Registered: 01/11/11
Posts: 149
Loc: UK
Dear Jake

Sorry - I was distracted yesterday - yes I did mean the octave above _Middle_C as referring to Treble C.

It's great that you're enjoying the temperament I'm using. It's a tuning which has received significant disfavour from a theoretical point of view by people who most probably might not have tried or heard it but it's specificities are actually irrelevant, merely measuring on a spectrum of tunings.

However, in view of the local variations of fashion and of pitch and of preferences throughout Europe, possibly only starting to be brought together by for instance, Haydn travelling to London, Bach walking to Hamburg, and the musicologist Dr Charles Burney on his grand tour through Europe, temperament is a subject where multiple solutions fit the problem, possibly some better than others but which have some general characteristics in common.

It's for this reason that I take the point of view that those who recommend "this temperament is right and is the only solution" perhaps might well not be displaying the sort of academic rigour that as a trained Physicist I like to see when expressing such a certainty.

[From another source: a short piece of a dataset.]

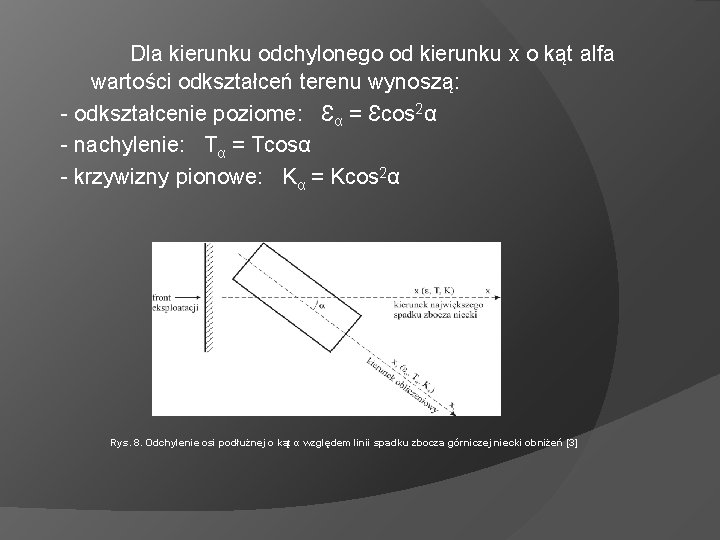  Dla kierunku odchylonego od kierunku x o kąt alfa wartości odkształceń terenu wynoszą:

The subject of temperament is much more like quantum physics in which multiple solutions can co-exist at the same time . . .

My criteria for musicality really starts from a thought of "here are the white keys which we use most often - let's make them a little better to give good intonation - great for accompanying singers"
"here are the black keys which we don't use so let's not care much about tuning them" modified into
"here are our black keys which we shouldn't be using so let's see if we can put them into our repertoire of special effects"
together with a vaguely progressive transition between the extremes.

Obviously in order to hear the special effects, we have to have a temperament strong enough to hear, not merely by the player but by also the listener with untrained ear. We should not imagine also that Schubart's descriptions were flights of fancy or psychically transcribed, and we should give credence to the possibility that he was describing effects clearly audible. Of course descriiptions of sounds are difficult - I describe sounds of slightly detuned strings below the tenor region as "brown" and when beating slightly "furry", but all such attempts at verbal descriptions of sound must be expected to veer a little like descriptions of the taste of wine with, for instance, hints of blackberry or chocalate. Attempts to make such descriptions must not be ridiculed - they are the best that perhaps one can express, and the only way to test is to try the wine - or try the key in terms of temperament, and to test correlation with Schubart.

It's for this reason that I regard the recordings of the Chopin 24 and the Bach 48 as being musicologically interesting and why I hope that people will comment in due course.

The other recording which I regard to be seminal is the juxtaposition of the Chopin 2nd sonata movements in unequal and equal temperaments. We have also the first two movements in addition, if anyone is interested.

Best wishes

David P

Postscript - Yes - I'm sure you're right about clarity achieved through keeping pure tuning in the octave above Treble C - and similarly down to Tenor C, so we have three pure octaves central to setting the scale and giving total coherence. Possibly another reason is that I understand that people possibly slightly detune trichords whereas from my oscilloscope watching days, I have always attempted to keep a laser-like pahse coherence in the vibrations of the three strings in the dynamic split-second after being hit through to the sustained sound. The power of the instrument is achieved with all three strings being in phase, absolutely, and this is lost if within half a second one string goes out of phase. In contrast with modern instruments with bell-like trebles, which need toning down, the softer upper register of the Bechsteins benefits from this detailed attention.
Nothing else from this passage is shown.